Machine Perception Laboratory

Databases

IR Marks video data set

IR Marks

The IR Marks video data set is a face motion data set of three video sequences. Prior to filming the three sequences, several points were drawn on the subject’s face using an infrared marking pen. Each video sequence was filmed simultaneously using 4 visible-light cameras (in which the drawn points are not visible) and 3 infrared-sensitive (IR) cameras (in which the drawn points are visible).
For several frames in each sequence, the point locations in all three IR cameras were hand-labeled in order to obtain the groundtruth 3D locations of each of the points. The data set includes the groundtruth 3D locations of these points, as well as their groundtruth 2D locations in the images from the main visible-light camera. Click here for more info

The MPLab GENKI Database

The MPLab GENKI Database is an expanding database of images containing faces spanning a wide range of illumination conditions, geographical locations, personal identity, and ethnicity.  The database of images is divided into overlapping subsets, each with its own labels and descriptions. For example, the GENKI-4K subset contains 4000 face images labeled as either “smiling” or “non-smiling” by human coders.  The pose of the faces is approximately frontal as determined by our automatic face detector. The GENKI-SZSL subset contains 3500 images containing faces. They are labeled for the face location and size. The images are available for public use. Instructions on downloading.

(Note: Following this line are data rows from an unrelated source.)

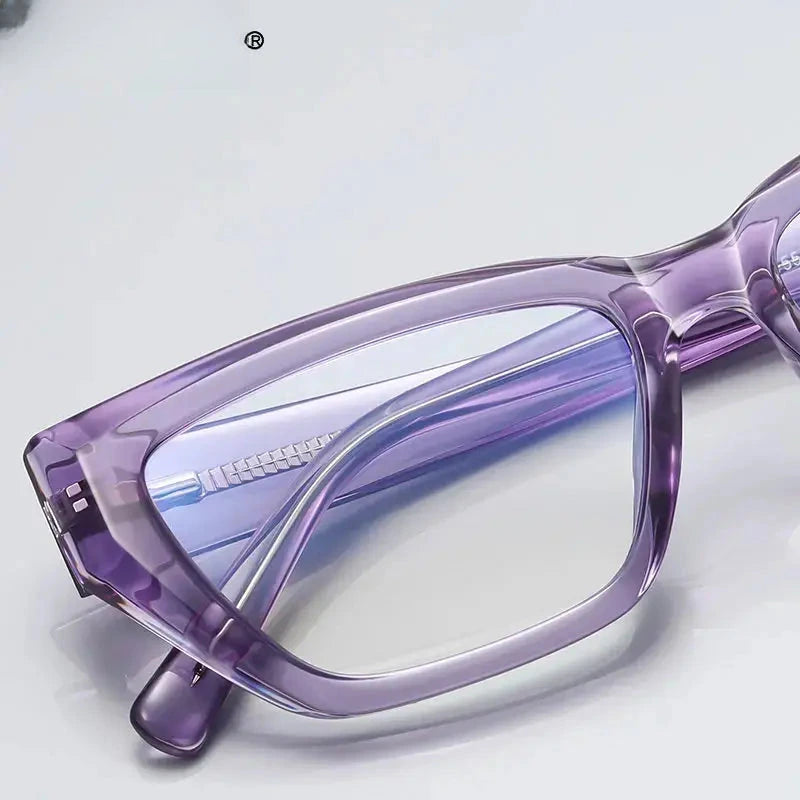 Unisex Cat Eye Full Rim Titanium Reading Glasses 2155 — view 2 | Rx Spectacle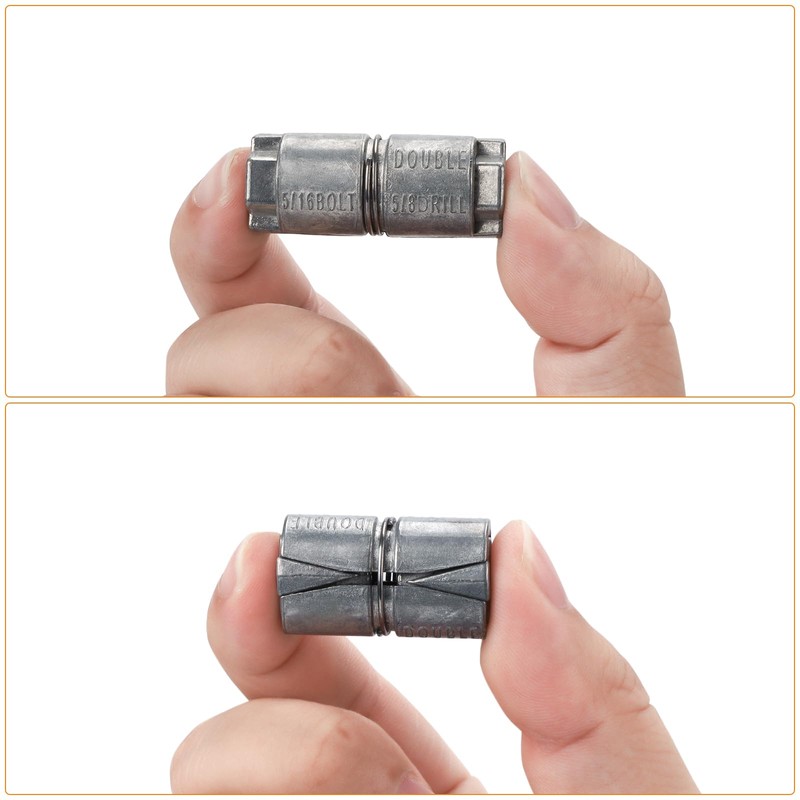 10-Pack Sieqioor 5/8" x 2-5/8" Outer Diameter 1 Double Expansion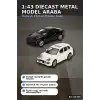 Model Araba 1:43 Diecast Metal Gövde Yaklaşık 10 cm - Tekli Paket, Çocuk Oyuncak BX-316200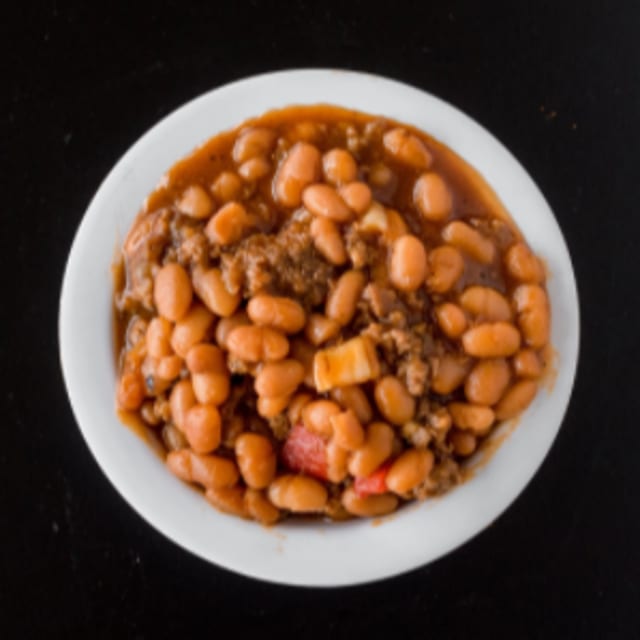 Baked Beans with Ground Beef.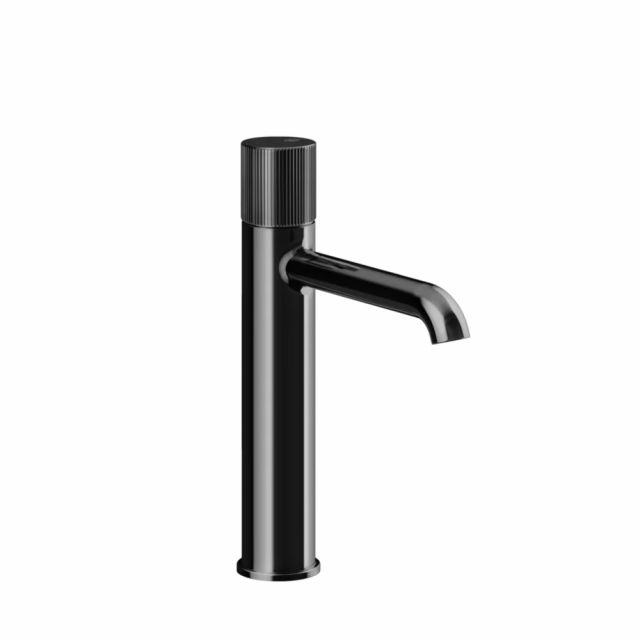 Gessi Habito Rigato Miscelatore lavabo 70506-Black Metal PVD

RUFACS1 (Rochester/UCSD FacialActionCodingSystem Database 1)

Data collection set up. a. The frontal camera was mounted in a bookshelf above the interrogator’s head. b. Two side view cameras were wall-mounted. A fourth camera was mounted under the interrogator’s chair. c. Interrogators were retired members of the police and FBI, including this county sherrif

The RU-FACS-1 database (short for Rutgers and UCSD FACS database) is being collected by Mark Frank at Rutgers University as part of a collaboration with the Machine perception lab to automate FACS. This database consists of spontaneous facial expressions from multiple views, with ground truth FACS codes provided by two facial expression experts. The data collection equipment, environment, and paradigm were designed with advice from machine vision consultant Yaser Yacoob and facial behavior consultant Paul Ekman. The system records synchronized digital video from 4 Point Grey Dragonfly video cameras and writes directly to RAID.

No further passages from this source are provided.